Prämiengewährung durch gesetzliche Krankenkassen kann Sonderausgabenabzug mindern

Die gesetzlichen Krankenkassen können ihren Versicherten sog. Wahltarife,

d. h. Selbstbehaltungstarife in begrenzter Höhe oder Kostenerstattungstarife

anbieten. Wird ein solcher Tarif gewählt, hat der Steuerpflichtige die

Möglichkeit eine Prämie zu erhalten.

Der Bundesfinanzhof (BFH) hatte nunmehr zu entscheiden, wie sich so eine Prämie

beim Ansatz der Krankenversicherungsbeiträge auf die Sonderausgaben auswirkt.

Im entschiedenen Fall wählte ein Steuerpflichtiger einen Wahltarif mit

Selbstbehalten, aufgrund dessen er eine Prämie je Kalenderjahr bekommen

konnte. Diese erhielt er auch, berücksichtigte sie aber nicht bei den von

ihm steuerlich geltend gemachten Krankenversicherungsbeiträgen. Das Finanzamt

(FA) sah in der Prämienzahlung eine Beitragsrückerstattung und setzte

dementsprechend geringere Sonderausgaben fest.

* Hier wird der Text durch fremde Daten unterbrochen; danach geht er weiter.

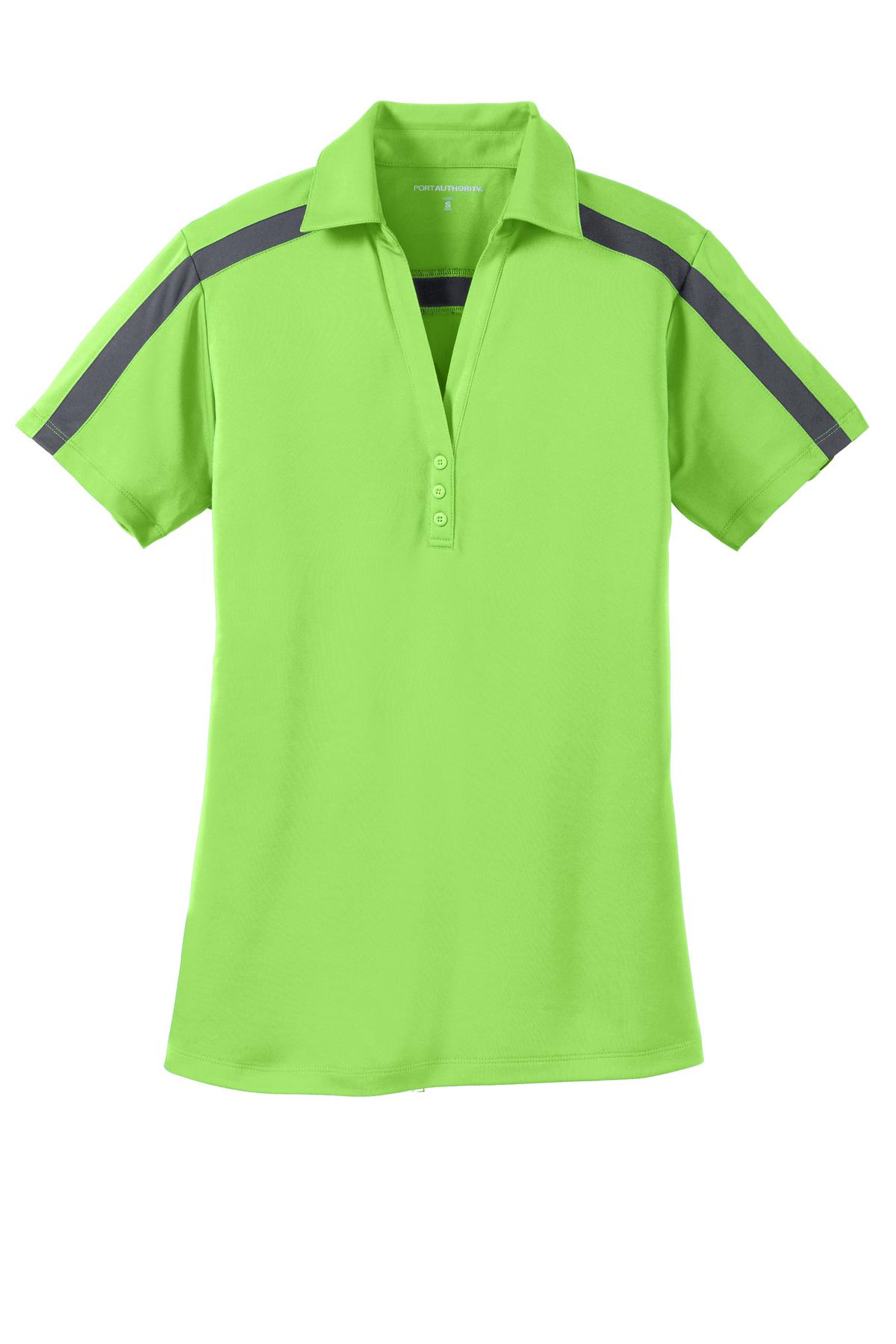 Port Authority L547 Lime / Steel Gray
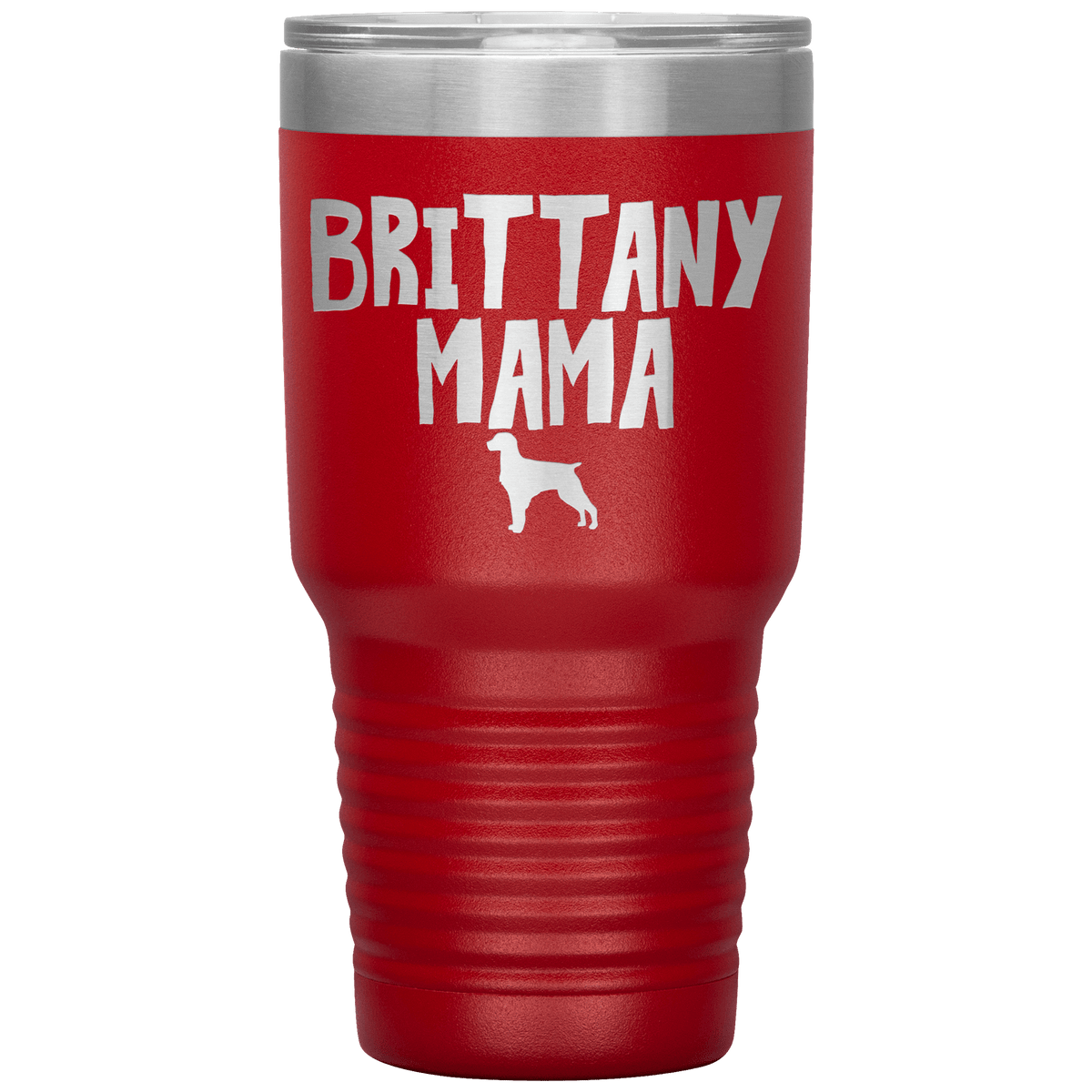 Brittany Mama 30 Oz Vacuum Tumbler Tumblers Red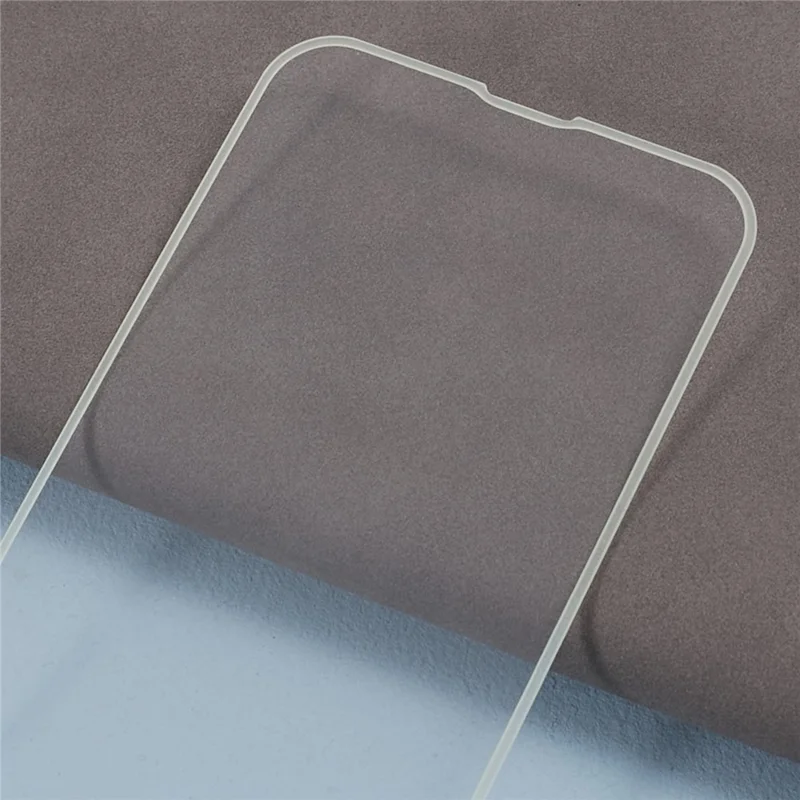 For iPhone 13 Pro Max Luminous Edge Medium Alumina Tempered Glass Screen Film Cover - White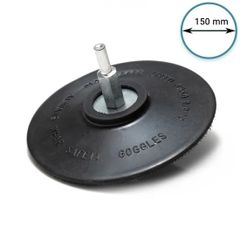 GLASS POLISH 12737 Rigid Hook and Loop Backing Pad with drill attachment | 150 mm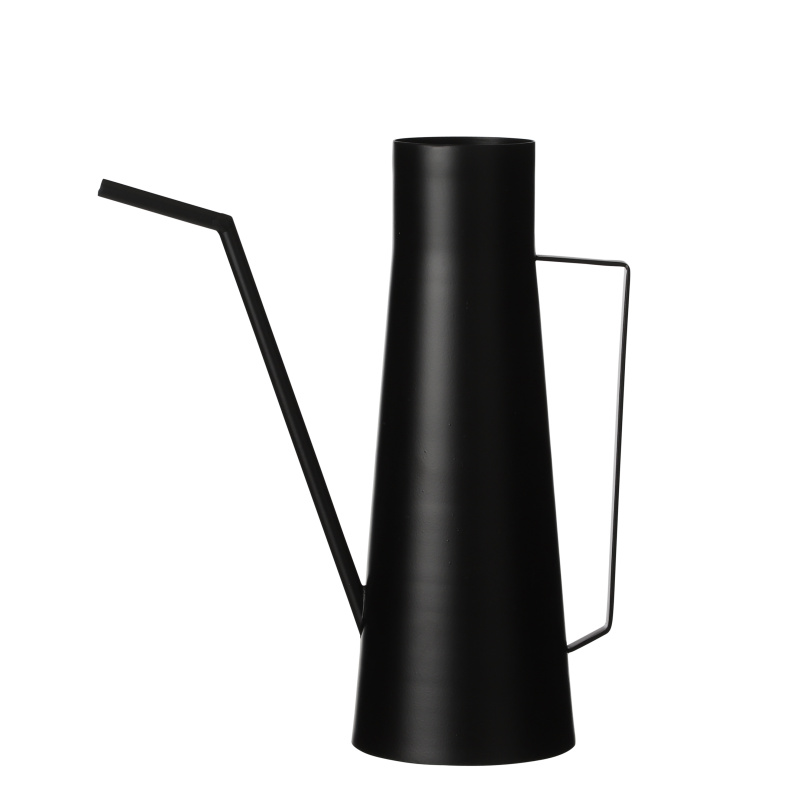 Zálivka a hadice - Konev plechová 30cm černá atypická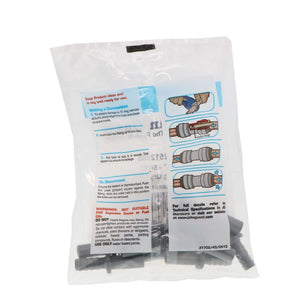 John Guest Stem Barb Connector  - 3/8 OD Stem x 5/16 ID Barb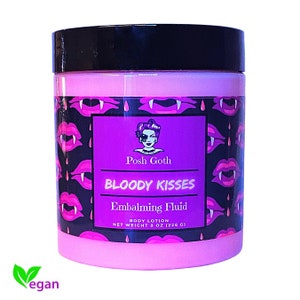 BLOODY KISSES Scented Body Lotion by Posh Goth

Der BFH bestätigte in seiner Entscheidung vom 6.6.2018 die Auffassung

des FA. Danach stellt die Prämienzahlung eine Beitragsrückerstattung

dar, die die Vorsorgeaufwendungen des Steuerpflichtigen mindert. Er begründet

dies damit, dass sich die wirtschaftliche Belastung des Steuerpflichtigen reduziert.

Diese ist aber wesentliche Voraussetzung für den Sonderausgabenabzug.

Anmerkung: Die Prämie ist anders zu behandeln als Bonusleistungen,

die gesetzliche Krankenkassen ihren Mitgliedern zur Förderung gesundheitsbewussten

Verhaltens gewähren. Diese mindern nicht die als Sonderausgaben abziehbaren

Krankenversicherungsbeiträge, sofern sie im Zusammenhang mit gesundheitlich

bedingten Aufwendungen stehen. Können Bonuszahlungen nicht zugeordnet werden,

kommt es dagegen auch hier zu Kürzungen. Den Unterschied sieht der BFH

darin, dass der Bonus eine Erstattung der vom Versicherten selbst getragenen

gesundheitsbezogenen Aufwendungen ist und damit nicht im unmittelbaren Zusammenhang

mit den Beiträgen zur Erlangung des Basiskrankenversicherungsschutzes steht.